Se oggi, al Consiglio di Amministrazione, passerà questa riforma – il se lo mettiamo per giustizia, ma la stessa Vigliotti lo dà per scontato -, uno dei primi progetti che verranno messi in cantiere è “la costruzione di una caserma per l’esercito tedesco in Lituania“. “Prima non si poteva fare“, dice l’economista, ma ora si prevede il raddoppio degli investimenti nel settore da qui al prossimo anno, passando da uno a due miliardi (erano 500 milioni lo scorso anno).
Vigliotti specifica che a beneficiarne potranno essere “amministrazioni pubbliche, grandi imprese, ma anche tutte le PMI e le startup che sono nella catena del valore dell’industria della difesa“. A riprova di come si vuole trasformare definitivamente l’intero modello di produzione in direzione del warfare.
La vicepresidente della BEI dice poi qualcosa di significativo: “al momento, il territorio UE non sta subendo attacchi, ma ad esempio i droni sono sicuramente necessari per la difesa delle frontiere“. Qui inserisce il tema per cui il tema della guerra e dello strangolamento che la gabbia unioneuropeista impone ai suoi popoli si riverserà anche sui migranti.
Coloro che cercano in Europa una vita migliore rispetto a quella che è loro riservata nella ‘giungla’ in cui su cui l’Unione Europea vuole proiettare le proprie mire imperialiste – il Mediterraneo allargato in primis -, si troveranno davanti una serie di strumenti e apparati pensati per la guerra: Frontex e i droni, appunto, ne sono un ottimo esempio.
Guerra interna ai lavoratori, guerra esterna al nemico di turno, e guerra a qualunque ‘esterno’ che non rispecchia la visione suprematista plasticamente osservata a Piazza del Popolo lo scorso 15 marzo.
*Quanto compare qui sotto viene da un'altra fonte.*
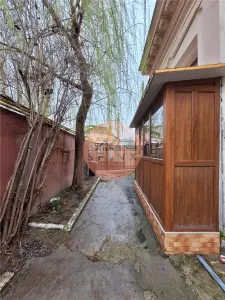 Casa Str. Democratiei - foto 13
Ovviamente ringraziano i colossi di armi e armamenti: basti pensare che un importante attore del mercato dei droni è proprio Leonardo, in sinergia con la turca Baykar.
L’intervista si chiude chiedendo all’economista se “parlare di difesa non è più un tabù“, e lei risponde che ormai “il mondo è cambiato“. È infatti un mondo in cui la UE vuole definitivamente affermarsi come attore imperialista.